Practice
A retrospective across L01–L09, then the project demos.
Where we've been
L01. Two implementations of unsigned division by 2, handed to Z3 with the question of whether they agreed on all four billion 32-bit inputs. The solver returned a single number that broke them apart. The same query shape (encode, assert the negation, check) carried from verifying to debugging to synthesizing the fix.
x = BitVec('x', 32)
s = Solver()
s.add(bvudiv2(x) != bvudiv2_a(x))
s.check() # sat
s.model() # x = 2147483648
L02. Inside the SAT solver. When BCP hits a conflict, CDCL builds an implication graph, reads a learned clause off a cut, and jumps back to the level where the conflict actually originated. One conflict, analyzed once, can rule out an exponential slice of the search space.
flowchart LR
accTitle: CDCL main loop
accDescr: A cycle through decide, propagate, conflict, analyze and learn, then backtrack and restart.
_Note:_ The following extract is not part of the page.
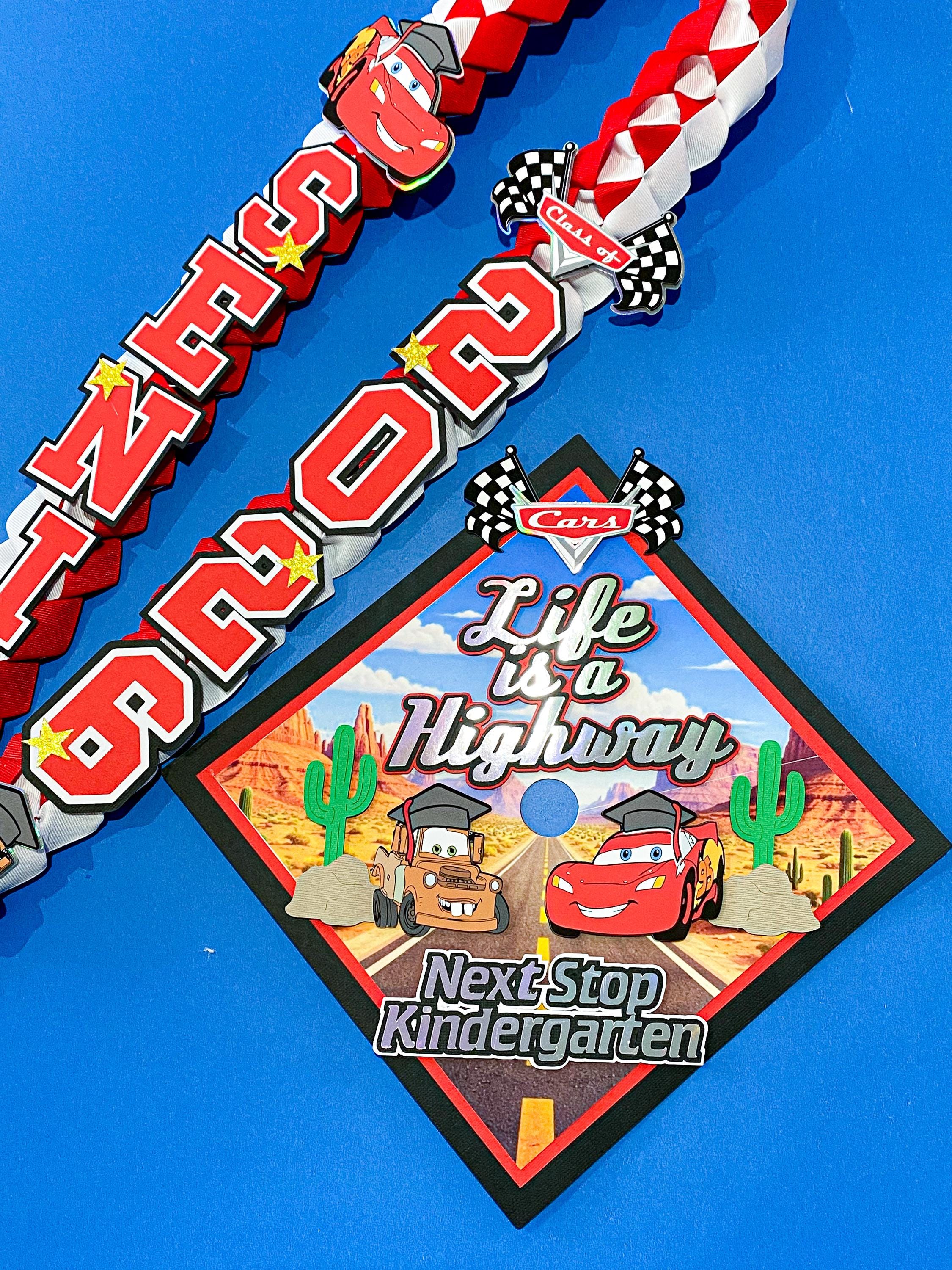 Cars Graduation Lay Bundle Cars Graduation Cap Topper and Lei | Kindergarten Graduation ...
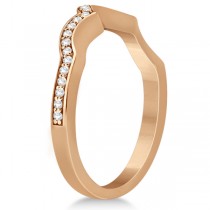 Diamond Channel Set Curved Wedding Band in 14k Rose Gold (0.16ct)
D[decide] --> P[propagate]
P --> Q{conflict?}
Q -->|no| D
Q -->|yes| A[analyze + learn]
A --> B[backtrack]
B --> DL03. EUF and congruence closure. Assert f³(a) = a and f⁵(a) = a, and function congruence ripples those two equalities into five merges until every subterm lands in one class. The disequality f(a) ≠ a has nowhere left to live.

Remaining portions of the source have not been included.